Opinion
2016-08937 Index No. 23866/12
12-12-2018
Joel M. Gluck, New York, NY, for appellants. McCabe, Collins, McGeough, Fowler, Levine & Nogan LLP, Carle Place, N.Y. (Patrick M. Murphy and John McLoughlin of counsel), for respondent Doreen F. Beninati.
Joel M. Gluck, New York, NY, for appellants.
McCabe, Collins, McGeough, Fowler, Levine & Nogan LLP, Carle Place, N.Y. (Patrick M. Murphy and John McLoughlin of counsel), for respondent Doreen F. Beninati.
CHERYL E. CHAMBERS, J.P., SYLVIA O. HINDS–RADIX, HECTOR D. LASALLE, ANGELA G. IANNACCI, JJ.
DECISION & ORDER
ORDERED that the order is reversed, on the law, with costs, and the defendants' motion for summary judgment dismissing the complaint is denied.
The plaintiffs commenced this action to recover damages for personal injuries that they allegedly sustained in a motor vehicle accident on June 13, 2010. The defendants moved for summary judgment dismissing the complaint on the ground that neither plaintiff sustained a serious injury within the meaning of Insurance Law § 5102(d) as a result of the subject accident. The Supreme Court granted the motion, and the plaintiffs appeal.
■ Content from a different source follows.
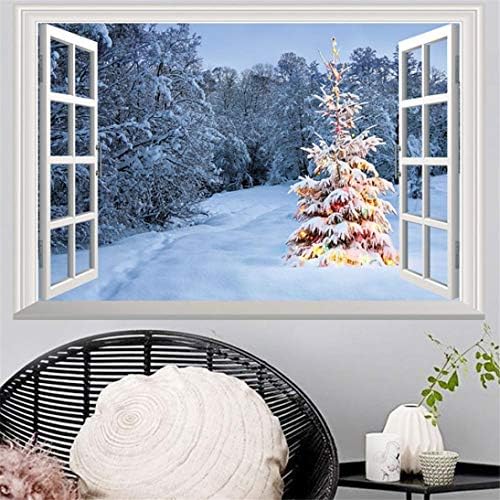 Pausseo Christmas Fake Window Simulation 3D Wall Stickers Painting,Home Decoration Household Room Floor Mural Removable Clings Party Decor Decal Door Cover Carved Sticking Decorative Wallpaper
The defendants failed to meet their prima facie burden of showing that the plaintiff Arkady Levitant did not sustain a serious injury within the meaning of Insurance Law § 5102(d) as a result of the subject accident (see Toure v. Avis Rent A Car Sys., 98 N.Y.2d 345, 746 N.Y.S.2d 865, 774 N.E.2d 1197 ; Gaddy v. Eyler, 79 N.Y.2d 955, 956–957, 582 N.Y.S.2d 990, 591 N.E.2d 1176 ). The papers submitted by the defendants failed to eliminate triable issues of fact regarding his claim, set forth in the bill of particulars, that he sustained a serious injury under the 90/180–day category of Insurance Law § 5102(d) (see Che Hong Kim v. Kossoff, 90 A.D.3d 969, 934 N.Y.S.2d 867 ; Rouach v. Betts, 71 A.D.3d 977, 897 N.Y.S.2d 242 ; cf. Calucci v. Baker, 299 A.D.2d 897, 750 N.Y.S.2d 675 ). Since the defendants failed to meet their prima facie burden in this regard, it is unnecessary to determine whether the submissions by the plaintiff Arkady Levitant in opposition were sufficient to raise a triable issue of fact (see Che Hong Kim v. Kossoff, 90 A.D.3d at 969, 934 N.Y.S.2d 867 ).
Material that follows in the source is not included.